--- SUPPLIED RECORDS ---
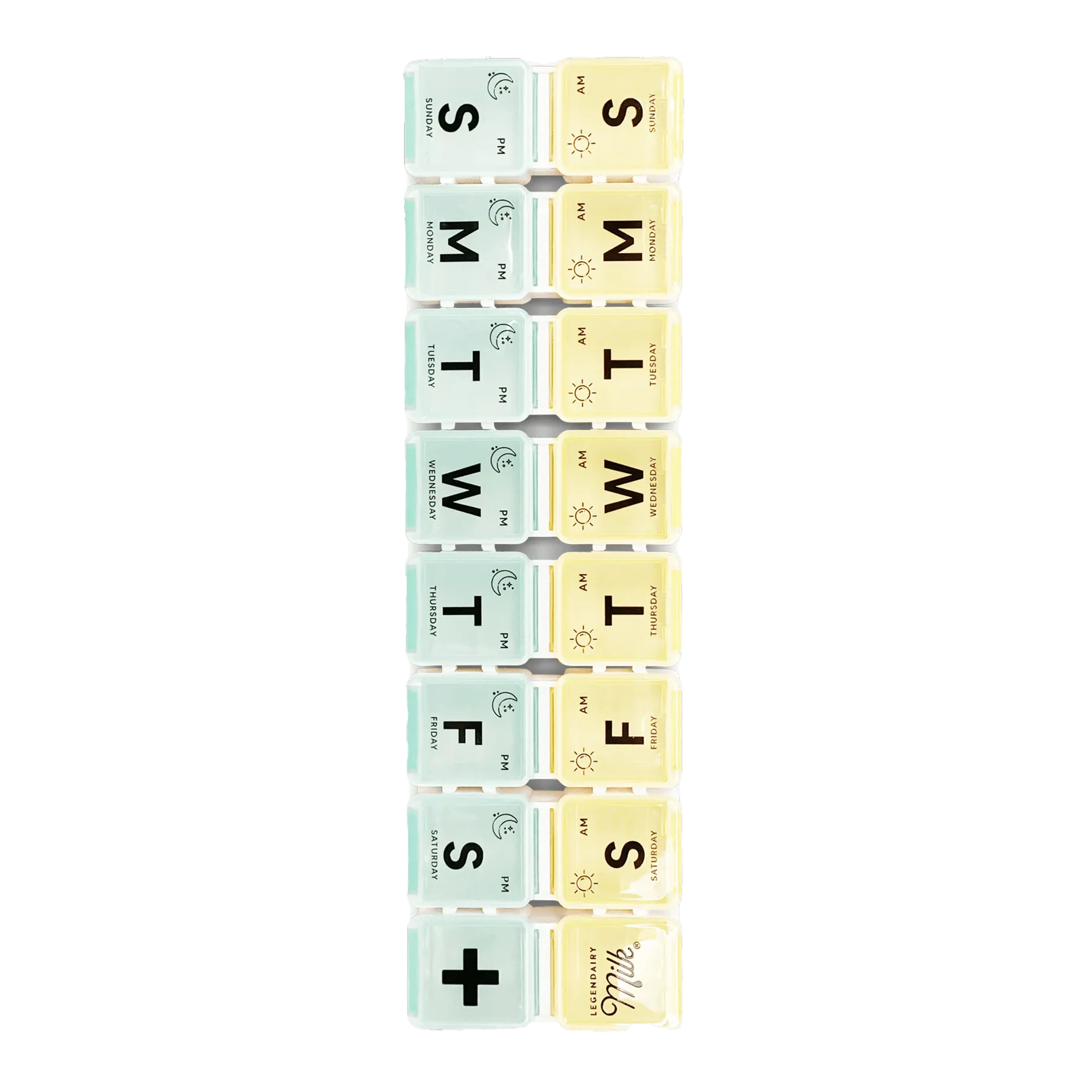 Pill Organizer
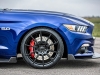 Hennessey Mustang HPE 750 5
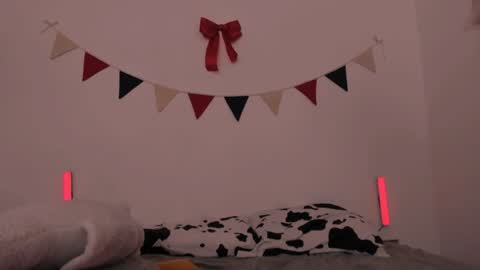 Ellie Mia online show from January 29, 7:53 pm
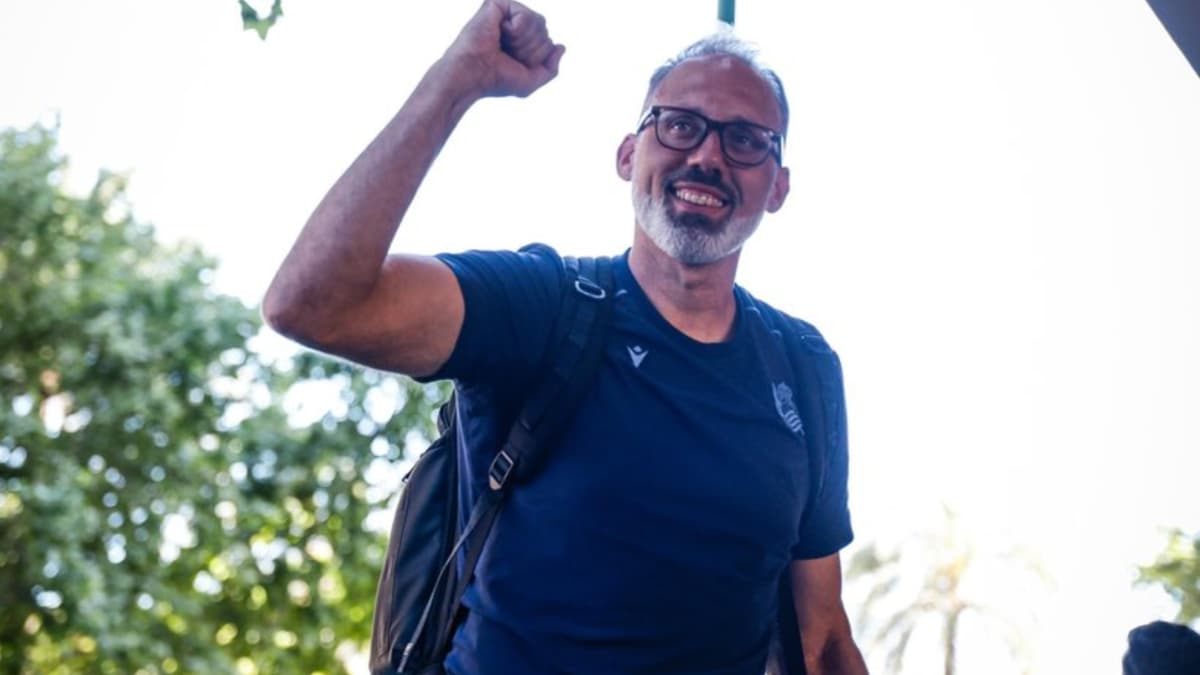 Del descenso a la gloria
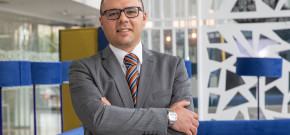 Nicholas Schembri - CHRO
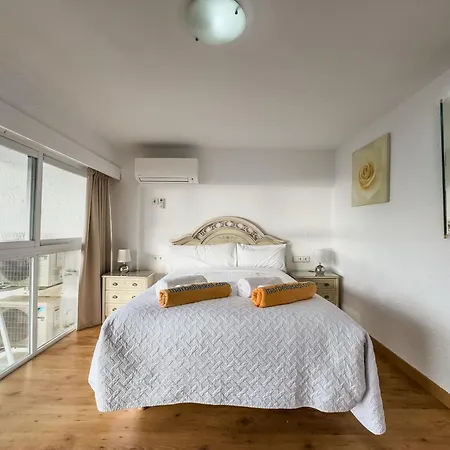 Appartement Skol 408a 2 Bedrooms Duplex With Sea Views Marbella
---
PROBLEM STATEMENT:
The answer must repeat every record exactly, with all pictures left out.

SOLUTION TO THE EXERCISE:
 Pill Organizer
 Hennessey Mustang HPE 750 5
 Ellie Mia online show from January 29, 7:53 pm
 Del descenso a la gloria
 Nicholas Schembri - CHRO
 Appartement Skol 408a 2 Bedrooms Duplex With Sea Views Marbella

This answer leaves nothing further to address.